Now comes the hard part… implementing the idea behind Kiyosaki’s theory. After about 3 minutes of trying to apply that to my own financial life, I gave up. While I could do a calculation with my retirement accounts, it got difficult because of penalties and pre-tax vs. post-tax considerations. At least, it’s easy to see there’s a real number there. What’s a little more difficult is calculating the value of the real estate. It earns nothing now, but in 10 years when the mortgage is paid off it should make around $36,000 a year.
Related to the real estate income, it’s worth noting the value of any recurring income you may have from a passive (or passive-ish) business.

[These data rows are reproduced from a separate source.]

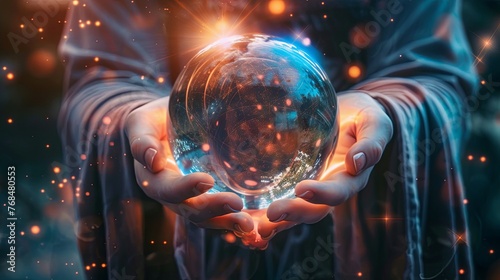 People hold crystal balls to predict the future. or predicting what will happen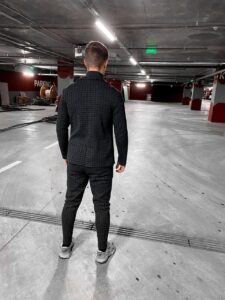 Мужской Серый Костюм в Клетку Slim Fit - Трикотажный Теплый Классический Слим Фит Приталенный (Пиджак + Брюки)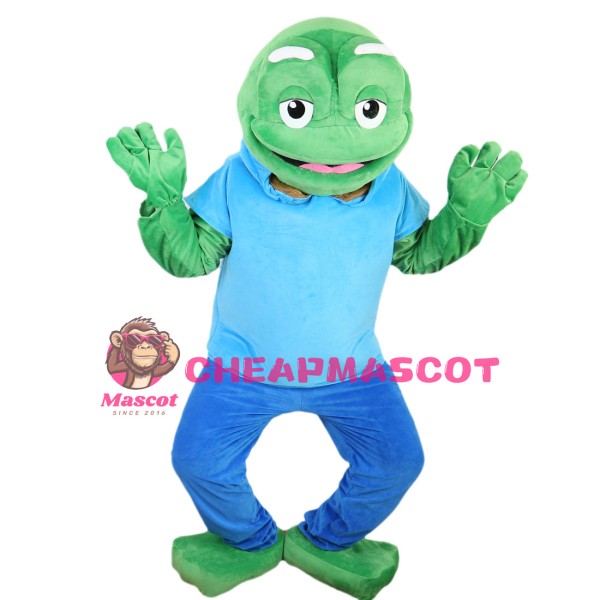 Old Frog With Blue Set Mascot Costume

If I can write an electronic book and sell 10 copies a day at $10, that’s my $100. (Okay, we’ll need to sell more taxes and such, but that’s still not bad.) The difficulty with that particular plan is that the book market is over-saturated.
At the end of the day, I’m more focused on this kind of cash flow than having a huge egg and drawing it down. When you are pulling money out to live on, you have what we used to call a burn-rate during the dot-com bust in 2001. I’d rather be self-sustaining.
I want to hear your thoughts on this. My income and retirement plan is very different from the norm. Perhaps you have a more traditional one that would make it easier to figure out how many days of financial freedom you have accrued. Let’s hope that decades is a better measuring stick ;-).
* You can take the boy out of Brandeis, but you can’t take the Brandeis out of the boy.
** Kiyosaki earns the title for the reasons in the article I linked to.